> [Stored data]

'''

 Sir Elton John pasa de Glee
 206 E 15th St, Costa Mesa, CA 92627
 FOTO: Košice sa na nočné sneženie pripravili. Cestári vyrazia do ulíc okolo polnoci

'''
'''

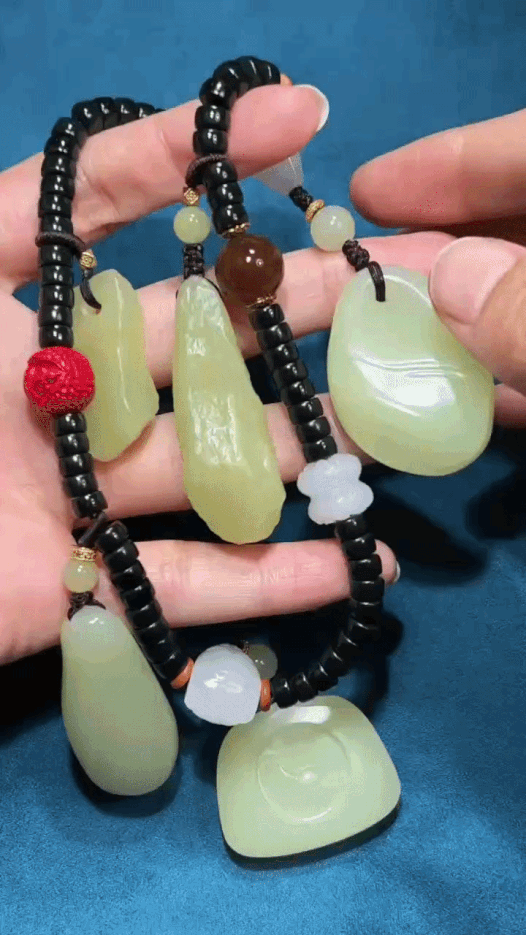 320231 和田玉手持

'''

> [Activity]
Reproduce exactly the section above that begins at the line containing "206 E 15th St, Costa Mesa, CA 92627" and ends at the line containing "FOTO: Košice sa", leaving out all other lines.

> [Written response]
 206 E 15th St, Costa Mesa, CA 92627
 FOTO: Košice sa na nočné sneženie pripravili. Cestári vyrazia do ulíc okolo polnoci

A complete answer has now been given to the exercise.